When my mother was pregnant with me, she craved borscht (Russian beet soup). She would buy the jars of the ready-made Manichewitz soup on the “ethnic” foods aisle and drink it at room temperature, straight out of the bottle. In a more superstitious time, the village bubbes might have been concerned that the baby inside her would come out tinted purple, from all the beets she consumed while I was sharing her body. Luck for me, I came out the normal color, but with a healthy love for beets.
For many years, my father would grow beets in his garden (he may still, but I haven’t been around much lately to partake in the bounty of the garden. It’s one of the things I miss most about Portland). They would be ready to be pulled in the late summer or early fall, when the rest of the garden had started to go to seed. The deep green tops and rhubarb-like stalks would get roughly chopped and steamed with the dark red roots, and sprinkled with a puckery vinegar/olive oil dressing, garlic and salt. That taste, of tangy red wine vinegar with earth-y, fresh, shockingly magenta chunks of slippery beet, makes me see the backyard of my parents’ last house in summer, with the rusty, once-white outdoor table sitting in the middle of the patio, covered in pots and garden implements.
The first time I met my ex-boyfriend’s mother, she served beets, complete with the greens. I took a helping of the beets, but avoided the greens. I don’t know why I did it, normally I like the greens, but that day wasn’t in the mood for them. She noticed this, and pounced, asking why I hadn’t taken the greens along with the roots, and gave me a lecture on the nutritional importance of the greens. I stood my ground, and said I didn’t care for them (I was too far in to cave and just eat a bite). It made me feel slightly uncomfortable, as if I had committed a major error in eating judgment. I always wondered if she remembered, and if she had thought, when her son and I broke up, that it was a good thing, because really, what was her son doing with a girl who didn’t eat her beet greens!

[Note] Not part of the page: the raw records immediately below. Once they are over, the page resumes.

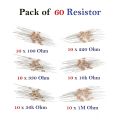 Pack of 60 Resistor - 100 Ohm,220 Ohm,330 Ohm,10k Ohm,56k Ohm,1M Ohm - 1/4W. 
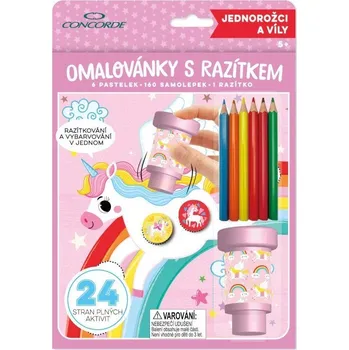 Výtvarná sada Omalovánky s razítkem CONCORDE - Jednorožci a víly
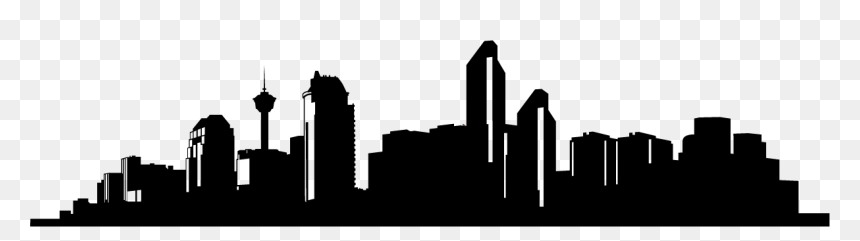 Calgary City Skyline Black And White, HD Png Download - houston skyline png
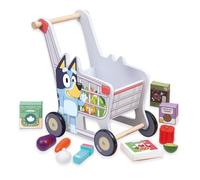 Bluey Cash Register - 32 Piece Pretend Play Checkout Toy with Sounds, Scanner, Play Money, Food Accessories & Credit Card - Interactive Shop Playset for Kids (Shopping Trolley)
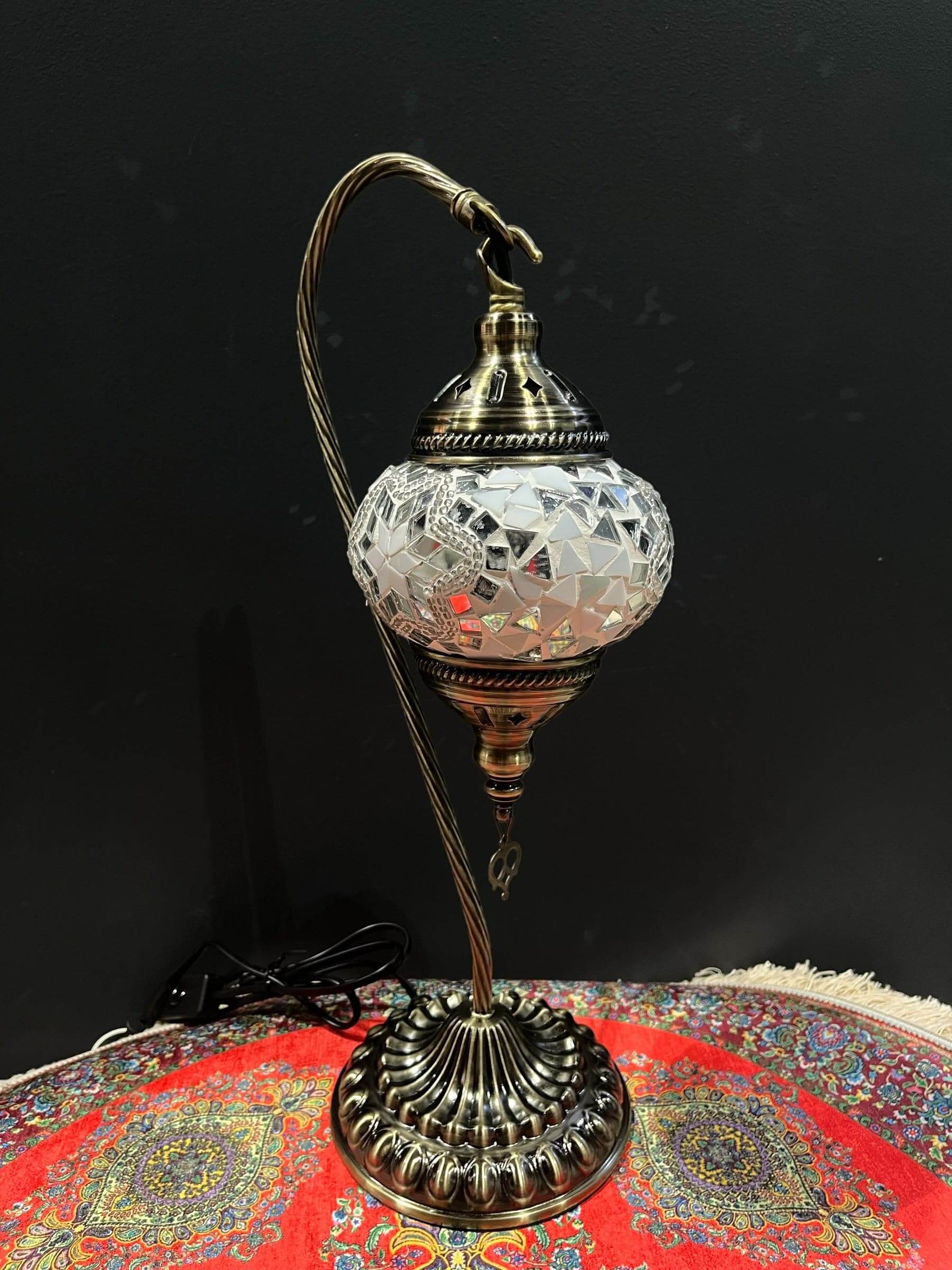 Mosaic Swan Lamp White Star Bright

A couple years ago, a friend of mine was dealing with some food allergies, and hit a point where winter roots vegetables were all her body could tolerate. She ate a lot of beets that winter (along with carrots, parsnips, rutabagas and sweet potatoes). She was the first one to introduce me pureed beet soup, totally unlike the borscht of my childhood. It was simple, beets cooked in a little chicken broth, with some onion thrown in for added sweetness. She would do batches with both red and golden beets and then pour them into bowls from pitchers, swirling designs into the bowls. A hunk of spelt bread from a local bakery on the side and we felt like we were eating something special.
Tonight I felt a change in the air as I walked home, a slight touch of spring. It made me crave salad, but not one that was completely summery. I ran into my local produce market and grabbed a head of butter lettuce, grape tomatoes, red onion, cucumber, a couple of lemons and a bunch of beets. The beets gave the springy salad a winter tie in, as if to tell my palate that it could start looking forward to spring, but don’t get too excited yet. I went home and popped the beets into a pot of water, just cutting off the ends but not peeling them. A couple of years ago, I learned from a friend that if you cook them with the skins on, and then run them under water after they are cooked, you can slide the skins right off. If I don’t roast them, I always cook them like that (it’s fun to rub the skins away and have them come up to clean and perfect with so little effort). I cut up one of the smaller beets and ate it tumbled into my salad. The greens I sauteed separately with a little red onion and then combined them with the rest of the beets, to take to a potluck tomorrow night. I hope everyone else likes beets as much as I do.
I don’t think I’ve ever had a beet.
What the hell kind of life have I been living?
I’m the oddball in my family who doesn’t like beets. They really like the hard-boiled eggs in the bbet juice as well.
i wish i weren’t missing the potluck, i’d love to try beets!
You’re missing out, beets are good stuff!
nice entry here. if you added some nutritional facts and touched this up just a little but, you’d have a ready-made quick-read piece on the benefits of beets. health mags are looking for little sidebars like this all the time.
i like the bit about the boyfriend’s mother, too.
wish i were going to that potluck. 🙂
Yum! I love beets but don’t eat them often enough.